Country Reports on Terrorism 2008 - Syria
|Publisher||United States Department of State|
|Author||Office of the Coordinator for Counterterrorism|
|Publication Date||30 April 2009|
|Cite as||United States Department of State, Country Reports on Terrorism 2008 - Syria, 30 April 2009, available at: http://www.refworld.org/docid/49fac6bac.html [accessed 28 January 2015]|
Syria was first designated in 1979 as a state sponsor of terrorism. Syria provided political and material support to Hizballah and allowed Iran to use Syrian territory as a transit point for assistance to Hizballah. HAMAS, Palestine Islamic Jihad (PIJ), the Popular Front for the Liberation of Palestine (PLFP), and the Popular Front for the Liberation of Palestine-General Command (PFLP-GC), among others, based their external leadership within Syria's borders. The Syrian government insisted these groups were confined to political and informational activities, but groups with leaders in Syria have claimed responsibility for deadly anti-Israeli terrorist attacks.

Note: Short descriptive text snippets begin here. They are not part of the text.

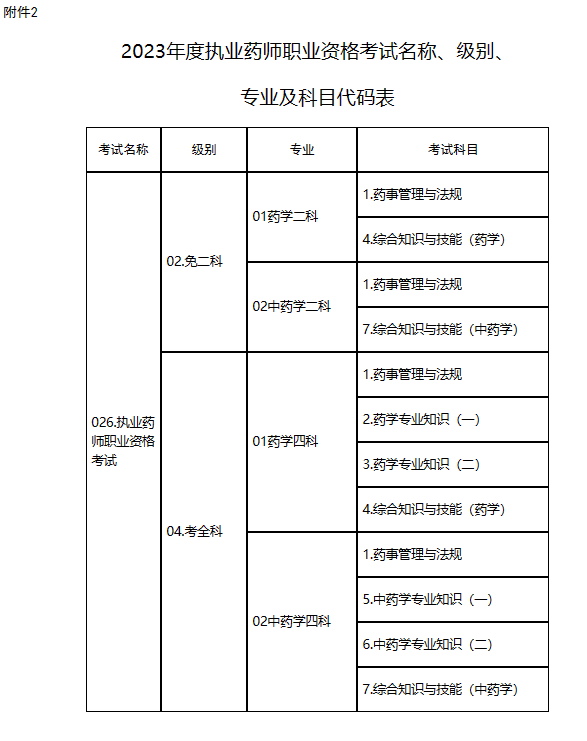 山东2023年执业药师考试报名公告已出！8月14日开始报名！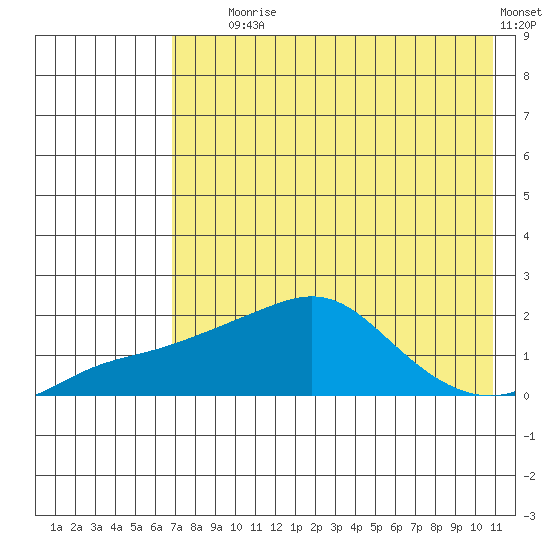 North Bay tide chart for Friday, August 18, 2023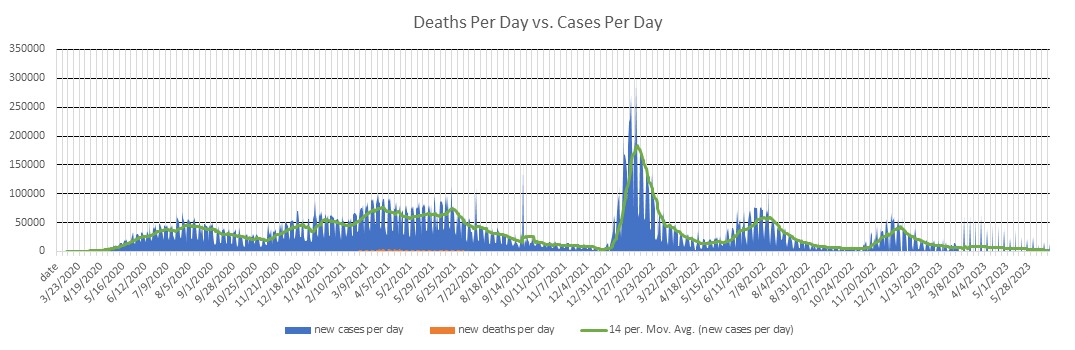 Brazil Cases Per Day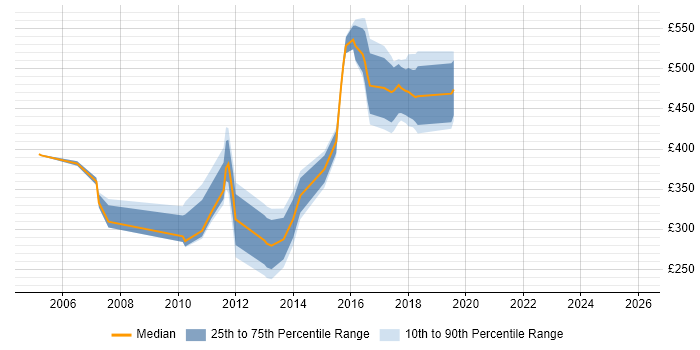 Contractor daily rate distribution trend for jobs in Staines citing Configuration Management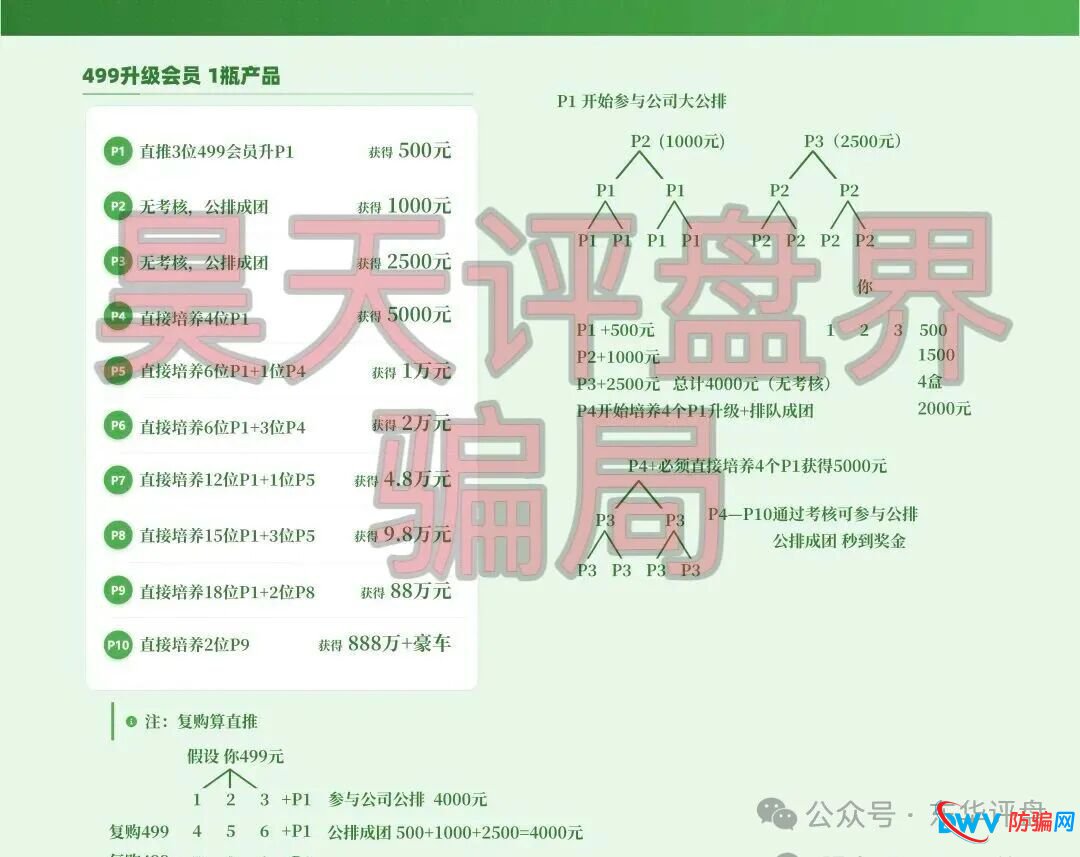 华一健康拼团类资金盘骗局,崩盘跑路只是时间问题,高度预警,注意风险!(2) 华一健康拼团类资金盘骗局,崩盘跑路只是时间问题,高度预警,注意风险!(2)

Over the course of the year, Syria's public support for the Palestinian groups varied, depending on Syrian national interest and international pressure. President Bashar al-Asad continued to express public support for Palestinian terrorist groups. HAMAS Politburo head and defacto leader Khalid Meshal and his deputies continued to reside in Syria. Syria provided a safe haven for Meshal and security escorts for his motorcades. Meshal's use of the Syrian Ministry of Information as the venue for press conferences this year could be taken as an endorsement of HAMAS's message. Media reports indicated HAMAS used Syrian soil to train its militant fighters. Though the Syrian government claimed periodically that it used its influence to restrain the rhetoric and activities of Palestinian groups, the Syrian government allowed a Palestinian conference organized by HAMAS, PFLP-GC, and PIJ to occur in January, and another HAMAS organized conference, reportedly funded by Iran, to take place in November.
Highlighting Syria's ties to the world's most notorious terrorists, Hizballah Operations Chief Imad Mugniyah, perished in a February 12 car bombing near Syrian Military Intelligence (SMI) headquarters in the Damascus neighborhood of Kafr Sousa. Among other atrocities, Mugniyah was wanted in connection with the 1983 bombings of the Marine barracks and the U.S. Embassy in Beirut, which killed over 350. Despite initial attempts to cover up the incident, the Syrian government reluctantly acknowledged some days later that one of the world's most wanted terrorists had been present and died on Syrian soil.
Syrian officials publicly condemned some acts of terrorism, while continuing to defend what they considered to be legitimate armed resistance by Palestinians and Hizballah against Israeli occupation of Arab territory, and by the Iraqi opposition against the "occupation of Iraq." Syria has not been directly implicated in an act of terrorism since 1986, although an ongoing UN investigation into the February 2005 assassination of former Lebanese Prime Minister Rafiq Hariri continued to investigate Syrian involvement.
Syria itself was the location of at least one major attack. On September 27, the car-bombing of a Syrian government facility reportedly injured 14 and killed at least 17 individuals, marking the first significant attack against regime institutions in nearly 20 years. Not since the Muslim Brotherhood uprising in the early 1980s had Syrian institutions been targeted by terrorists. Regional media reports indicated this bombing was directed at the Palestinian Branch of the Syrian Military Intelligence; the perpetrators remained unknown at year's end.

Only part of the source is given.